Speak up when it’s called for: Fight injustice, stand up for others, etc. but shut the F up if you’re thinking about offering an unsolicited opinion or advice about anything you’re not personally an expert in.


12, 16



You’re not obsessed with that person you’re just hyper fixating. It’s ADHD.


12, 16, 19, 21



Watch the local news together.


12



Knowing something is right and application of it are two different things. To apply yourself takes discipline. Practice it.


15



Share a few of our most embarrassing moments. Teach them it’s okay to laugh at yourself and even when you’re mortified in the moment being embarrassed isn’t fatal. (And it happens to everyone.)


11



Actions have consequences- so does inaction. Avoiding a problem or decision is not an effective solution.


18



Zero-cost method to reaching your goals (academic, career, fitness and health): Get up an hour earlier. You’ll be amazed how much you can get done and how “on top of it” you feel.


16, 18, 21



Everybody emits energy. What sort of energy do you want to put out into the universe? Your thoughts, actions, prayers, struggles, laughter, etc. that’s all you. Your energy is all your own. Spend some time thinking about what kind of aura to want to have.


17



“Pick a problem - any problem,and do something about it. Because to somebody who is hurting, ‘something’ is everything.” -Oprah Winfrey


12-16



We feel best when we create. No amount of food, video games or any self-destructive habits will fill that hole. So why fight it?!? Create something, even if it’s as small as a little sketch or poem. Grow a garden, bake a cake. Start a business! Whatever your beautiful heart desires.


12, 15, 18, 21



Always keep a can of WD-40 in the house.


21



To my boys: Personally I believe the boy / man should pay when out on a date. Always be prepared to pay - but sometimes a girl / woman wants to pay or split the check. Don’t push back on that. Make sure she knows it would be your pleasure to pay because you want to show her a good time and spoil her, but that you understand that paying a check doesn’t put her in your debt. Instead, your motto should be “If you’re comfortable, I’m comfortable.” And that goes for a lot of categories including sex/ physical contact. And to my girls: Always be prepared to pay, offer to pay often. It’s a sad fact that some men feel they’re owed something if they spring for dinner. On a date you are never obligated to do or say anything you don’t want to. Never.


16, 21



Do not be daunted at the world’s grief. Do justly now. Love Mercy now. Walk humbly now.
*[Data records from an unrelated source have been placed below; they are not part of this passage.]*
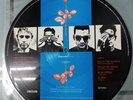 Depeche Mode - Violator Picture Disc 1990 VG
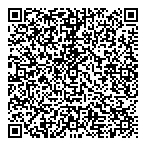 QR код "Контакт Юг"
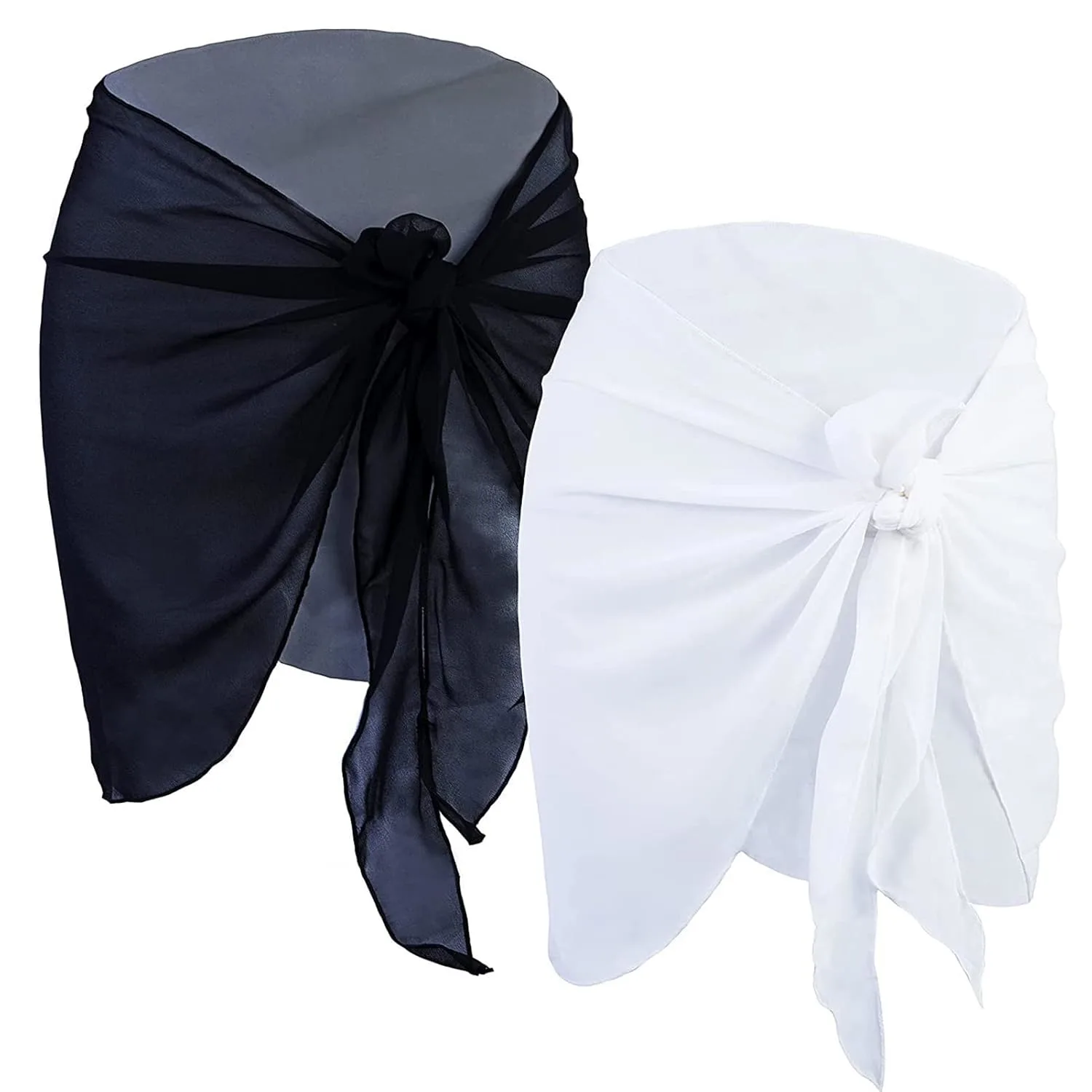 sarong swimsuit cover up 3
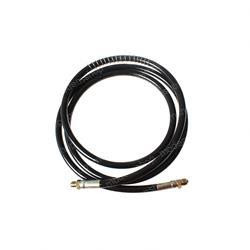 504068789: Aftermarket Yale Forklift Hose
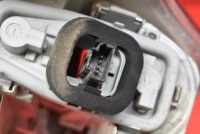 фото thumb №6, Лампа левая задняя задняя 9653547580 citroen c4 picasso 1 i 06-13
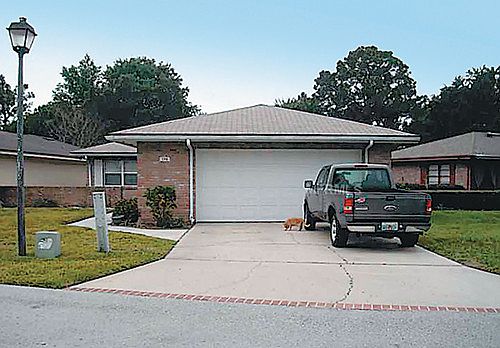 1st image of 386 Troon Ct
You are not obligated to complete the work, but neither are you free to abandon it. -The Talmud


15



Guard your health and fitness as if it were your most valuable possession. (It is.)


14, 17, 21



Be mindful of privilege. Discuss the concept, point it out where you see it.


11-18



1

Read Just Mercy by Bryan Stevenson together.


17



Summer concerts at Wolftrap- get good seats so they can really get a sense of the experience.


13-16



Talk about de-escalation techniques.


15



Have dinner guests sign the under side of the dining room table. Let the kids’ friends sign too - or have their own version of a guestbook - the inside of a cabinet or the basement door, etc.


5, 12-14



Your great-great grandmother was a seamstress at Marshall Fields. Her husband was a firefighter in Chicago. The immigrated from County Wexford in Ireland.


10



Be a safe place. Teach them to be a safe place too.


12



A dear friend of the family used to swear by the many healing properties of Seabreeze (alcohol based astringent.) She’d prescribe it for everything from sunburn to bug bites, rashes and scrapes. it stung like heck but she was right: The stuff is a miracle! I always keep a bottle Seabreeze around and think of Mimi every time I use it.


18



It’s not fair to resent someone for being who they are. We can all improve ourselves, learn and grow etc. but we should never ask anyone to change who they are in exchange for our love. And that goes both ways - never change who you are to fit someone else’s idea of who you should be. Be open to ways to can improve yourself of course, but surround yourself with people who love you for you and encourage you to be your genuine self and who want the best for you.